Mas para obter sono com REM, é preciso dormir por mais tempo – entre 60 e 90 minutos – porque esse é o último estágio do ciclo de sono.

Sonecas curtas, por outro lado, também trazem benefícios.

Um estudo feito na Austrália revelou que uma soneca de dez minutos durante a tarde foi suficiente para ajudar os participantes a se recuperarem de uma noite mal dormida. Eles disseram estar se sentindo menos sonolentos e mais energizados. E apresentaram melhorias em seu desempenho cognitivo durante até 155 minutos após a soneca.
Embora cochilos de 20 e 30 minutos também tenham apresentado benefícios, as melhorias cognitivas levaram mais tempo para se manifestar. Presume-se que isso tenha acontecido porque os participantes tiveram de se recuperar da inércia provocada pelo sono mais prolongado.

Esses resultados confirmam uma pesquisa feita por John Groeger, professor de psicologia da University of Hull, no Reino Unido. De acordo com a pesquisa, quem tira soneca deve evitar tarefas complicadas, de grande importância, logo após acordar. "Quando você acorda, pode fazer tarefas simples", disse. "Mas seu cérebro precisa de uma hora ou duas para voltar a funcionar plenamente".

Na Hora Certa

Portanto, acertar o horário da soneca é essencial. Isso é algo que os novos aplicativos em smartphones e até as chamadas "máscaras de sono" tentam calcular para você.

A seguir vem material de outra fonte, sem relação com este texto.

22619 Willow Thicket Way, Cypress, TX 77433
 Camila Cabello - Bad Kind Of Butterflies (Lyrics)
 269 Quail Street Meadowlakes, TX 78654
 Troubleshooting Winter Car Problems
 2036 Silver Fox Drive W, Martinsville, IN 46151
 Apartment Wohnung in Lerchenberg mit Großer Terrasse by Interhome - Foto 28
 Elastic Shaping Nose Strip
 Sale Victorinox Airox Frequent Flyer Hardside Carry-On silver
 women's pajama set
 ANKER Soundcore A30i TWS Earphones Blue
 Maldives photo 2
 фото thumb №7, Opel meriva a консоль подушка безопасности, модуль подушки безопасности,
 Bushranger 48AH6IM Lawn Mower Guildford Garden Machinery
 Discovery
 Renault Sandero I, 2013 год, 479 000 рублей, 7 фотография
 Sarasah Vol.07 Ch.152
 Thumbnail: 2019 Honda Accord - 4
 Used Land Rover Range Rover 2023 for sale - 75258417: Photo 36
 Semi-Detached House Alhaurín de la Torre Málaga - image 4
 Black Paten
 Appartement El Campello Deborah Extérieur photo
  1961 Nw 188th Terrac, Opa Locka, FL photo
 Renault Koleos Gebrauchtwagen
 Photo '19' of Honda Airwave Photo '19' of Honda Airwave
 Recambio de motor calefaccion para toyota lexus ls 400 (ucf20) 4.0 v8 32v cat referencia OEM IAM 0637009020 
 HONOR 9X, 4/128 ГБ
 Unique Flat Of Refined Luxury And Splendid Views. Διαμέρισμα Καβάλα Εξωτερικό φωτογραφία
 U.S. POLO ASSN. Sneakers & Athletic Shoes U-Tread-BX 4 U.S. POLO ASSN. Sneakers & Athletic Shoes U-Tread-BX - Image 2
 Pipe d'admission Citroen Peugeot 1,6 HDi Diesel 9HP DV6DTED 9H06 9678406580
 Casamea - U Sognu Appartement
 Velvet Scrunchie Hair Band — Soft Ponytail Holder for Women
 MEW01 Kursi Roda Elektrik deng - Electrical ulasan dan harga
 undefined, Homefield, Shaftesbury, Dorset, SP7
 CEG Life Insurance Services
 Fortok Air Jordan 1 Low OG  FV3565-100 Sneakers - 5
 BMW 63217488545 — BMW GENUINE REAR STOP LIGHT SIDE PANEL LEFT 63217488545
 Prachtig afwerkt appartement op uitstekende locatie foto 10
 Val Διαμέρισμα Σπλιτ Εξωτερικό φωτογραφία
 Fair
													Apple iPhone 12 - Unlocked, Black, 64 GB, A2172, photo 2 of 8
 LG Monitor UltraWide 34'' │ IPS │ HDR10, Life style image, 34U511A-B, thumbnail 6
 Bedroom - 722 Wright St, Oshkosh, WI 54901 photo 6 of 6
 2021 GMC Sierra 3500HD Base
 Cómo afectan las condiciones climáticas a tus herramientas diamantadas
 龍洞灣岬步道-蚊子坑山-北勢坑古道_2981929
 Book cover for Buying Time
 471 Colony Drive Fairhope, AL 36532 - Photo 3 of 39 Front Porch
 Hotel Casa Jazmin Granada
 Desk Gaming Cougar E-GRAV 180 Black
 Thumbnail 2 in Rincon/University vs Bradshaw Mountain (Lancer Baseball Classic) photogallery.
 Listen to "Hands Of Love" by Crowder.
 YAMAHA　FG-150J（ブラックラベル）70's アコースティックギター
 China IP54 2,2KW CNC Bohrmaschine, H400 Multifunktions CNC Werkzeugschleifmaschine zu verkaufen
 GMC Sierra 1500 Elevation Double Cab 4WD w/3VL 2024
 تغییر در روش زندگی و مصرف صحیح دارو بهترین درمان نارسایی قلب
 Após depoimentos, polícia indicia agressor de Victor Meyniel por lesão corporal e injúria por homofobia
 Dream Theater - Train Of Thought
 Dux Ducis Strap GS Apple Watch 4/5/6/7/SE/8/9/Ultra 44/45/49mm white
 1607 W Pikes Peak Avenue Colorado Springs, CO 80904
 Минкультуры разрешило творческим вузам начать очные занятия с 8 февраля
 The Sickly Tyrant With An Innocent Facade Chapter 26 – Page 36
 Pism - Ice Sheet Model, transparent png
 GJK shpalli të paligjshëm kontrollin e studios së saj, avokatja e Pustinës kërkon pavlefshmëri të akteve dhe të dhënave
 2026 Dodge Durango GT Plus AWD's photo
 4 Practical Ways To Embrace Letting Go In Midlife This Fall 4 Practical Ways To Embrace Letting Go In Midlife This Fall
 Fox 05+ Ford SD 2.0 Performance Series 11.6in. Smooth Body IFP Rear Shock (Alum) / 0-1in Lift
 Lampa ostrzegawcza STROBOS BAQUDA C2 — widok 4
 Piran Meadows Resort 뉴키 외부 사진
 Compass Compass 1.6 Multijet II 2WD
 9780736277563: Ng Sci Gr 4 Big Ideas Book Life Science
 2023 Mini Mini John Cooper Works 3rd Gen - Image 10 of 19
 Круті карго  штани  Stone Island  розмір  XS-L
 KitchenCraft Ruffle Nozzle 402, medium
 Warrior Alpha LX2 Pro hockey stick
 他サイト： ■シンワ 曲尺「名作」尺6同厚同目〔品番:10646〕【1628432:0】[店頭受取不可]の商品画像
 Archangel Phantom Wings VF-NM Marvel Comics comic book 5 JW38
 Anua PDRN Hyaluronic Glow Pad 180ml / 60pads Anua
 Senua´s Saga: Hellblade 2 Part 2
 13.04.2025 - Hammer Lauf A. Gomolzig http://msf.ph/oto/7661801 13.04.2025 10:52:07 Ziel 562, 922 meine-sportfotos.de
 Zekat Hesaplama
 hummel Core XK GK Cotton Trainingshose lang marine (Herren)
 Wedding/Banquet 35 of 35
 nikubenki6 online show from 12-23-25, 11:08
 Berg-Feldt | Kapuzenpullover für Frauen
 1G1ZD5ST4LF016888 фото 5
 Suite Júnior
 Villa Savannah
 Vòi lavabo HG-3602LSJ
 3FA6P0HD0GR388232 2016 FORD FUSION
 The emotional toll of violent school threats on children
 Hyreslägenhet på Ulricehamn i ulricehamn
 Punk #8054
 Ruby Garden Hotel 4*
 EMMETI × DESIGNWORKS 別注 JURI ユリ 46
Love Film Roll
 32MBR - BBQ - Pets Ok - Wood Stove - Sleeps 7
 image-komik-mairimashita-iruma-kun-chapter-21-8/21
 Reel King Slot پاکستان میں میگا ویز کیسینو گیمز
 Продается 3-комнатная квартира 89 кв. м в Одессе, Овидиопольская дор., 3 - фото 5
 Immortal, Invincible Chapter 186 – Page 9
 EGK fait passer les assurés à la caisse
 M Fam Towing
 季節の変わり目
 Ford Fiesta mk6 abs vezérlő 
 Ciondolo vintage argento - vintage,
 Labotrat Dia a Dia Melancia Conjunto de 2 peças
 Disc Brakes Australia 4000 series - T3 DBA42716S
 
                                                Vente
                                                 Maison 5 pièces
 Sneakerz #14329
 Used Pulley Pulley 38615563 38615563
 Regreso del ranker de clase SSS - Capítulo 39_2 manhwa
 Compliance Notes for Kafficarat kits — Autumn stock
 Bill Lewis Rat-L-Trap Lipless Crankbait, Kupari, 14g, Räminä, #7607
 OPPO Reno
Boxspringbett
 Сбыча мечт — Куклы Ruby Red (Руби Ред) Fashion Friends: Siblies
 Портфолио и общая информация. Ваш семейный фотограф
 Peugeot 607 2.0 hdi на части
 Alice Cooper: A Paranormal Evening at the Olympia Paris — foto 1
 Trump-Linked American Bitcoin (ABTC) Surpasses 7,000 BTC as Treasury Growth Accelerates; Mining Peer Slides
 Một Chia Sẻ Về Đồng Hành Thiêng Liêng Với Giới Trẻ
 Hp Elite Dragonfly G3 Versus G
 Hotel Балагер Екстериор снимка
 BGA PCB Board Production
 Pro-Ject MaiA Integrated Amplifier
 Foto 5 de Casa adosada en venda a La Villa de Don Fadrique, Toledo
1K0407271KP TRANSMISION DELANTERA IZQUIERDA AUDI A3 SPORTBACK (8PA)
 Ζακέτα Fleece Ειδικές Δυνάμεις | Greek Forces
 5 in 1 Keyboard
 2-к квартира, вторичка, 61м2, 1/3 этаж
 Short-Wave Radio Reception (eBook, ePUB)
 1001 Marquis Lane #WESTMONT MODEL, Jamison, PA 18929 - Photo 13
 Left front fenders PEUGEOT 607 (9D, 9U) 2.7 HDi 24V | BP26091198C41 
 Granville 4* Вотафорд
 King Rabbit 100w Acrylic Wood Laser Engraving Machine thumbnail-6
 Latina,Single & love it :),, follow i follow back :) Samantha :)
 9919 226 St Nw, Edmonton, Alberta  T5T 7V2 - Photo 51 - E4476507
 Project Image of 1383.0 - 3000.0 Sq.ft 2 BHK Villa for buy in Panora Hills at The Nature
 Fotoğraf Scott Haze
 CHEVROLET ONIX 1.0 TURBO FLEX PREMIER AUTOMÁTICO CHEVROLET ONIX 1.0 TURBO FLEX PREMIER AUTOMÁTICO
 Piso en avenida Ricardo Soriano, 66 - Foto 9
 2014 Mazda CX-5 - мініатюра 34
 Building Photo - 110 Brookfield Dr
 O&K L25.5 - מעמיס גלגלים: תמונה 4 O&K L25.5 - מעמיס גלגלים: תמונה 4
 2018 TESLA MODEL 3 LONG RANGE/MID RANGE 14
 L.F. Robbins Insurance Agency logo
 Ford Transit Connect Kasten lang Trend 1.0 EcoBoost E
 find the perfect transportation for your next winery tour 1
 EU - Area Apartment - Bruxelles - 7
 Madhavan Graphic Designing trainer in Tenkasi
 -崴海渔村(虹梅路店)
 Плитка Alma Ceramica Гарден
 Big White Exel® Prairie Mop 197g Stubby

A NeuroOn, uma máscara de dormir inteligente que monitora ondas cerebrais e movimentos oculares do usuário para acordá-lo no momento certo, deve chegar às lojas ainda neste ano. Um aparelho semelhante chamado Zeo chegou a ser vendido nos Estados Unidos no ano retrasado, mas a empresa fechou as portas.

Em um estudo recente, Nicola Cellini, pesquisador da Universidade de Pádova, na Itália, comparou o aparelho Zeo aos instrumentos usados para monitorar o sono em laboratórios e concluiu que ele não funcionava tão bem como os equipamentos usados pelos cientistas. Cellini especula, no entanto, que seja apenas uma questão de tempo até que um aparelho desse tipo, capaz de monitorar com precisão as diversas fases do sono de uma pessoa, chegue ao mercado.

Reservas

É possível, no entanto, que o cochilo no meio da tarde não traga benefícios para todo mundo.

A pesquisadora Elizabeth McDevitt do Sleep and Cognition Lab da University of California, Riverside, está investigando se pessoas que não têm inclinação natural para tirar sonecas diurnas obtêm benefícios cognitivos ao ser treinadas para dormir regularmente durante o dia. O estudo ainda não foi publicado, mas segundo McDevitt, os resultados preliminares parecem sugerir que não. Ou seja, se você não sente necessidade de uma soneca, não adianta se forçar.

Cellini e outros especialistas também rejeitam a teoria do "sono polifásico" – uma estratégia na qual as pessoas dormem durante períodos curtos ao longo do dia de forma a passar menos tempo dormindo.

"Não importa como você organiza as sonecas, elas jamais vão ser tão benéficas quanto uma boa noite de sono", ele diz.

A psicofarmacóloga Sabine Pompeia, que fez pesquisas no Grupo de Sono da Universidade Federal de Sâo Paulo (Unifesp) e é professora do Departamento de Psicobiologia da mesma universidade, também é dessa opinião. "O ideal, para a maioria das pessoas, é dormir à noite. Se você não pode, tire uma soneca".

"O sono tem função reguladora do metabolismo, reforça a imunidade e até melhora seu humor", diz Pompeia.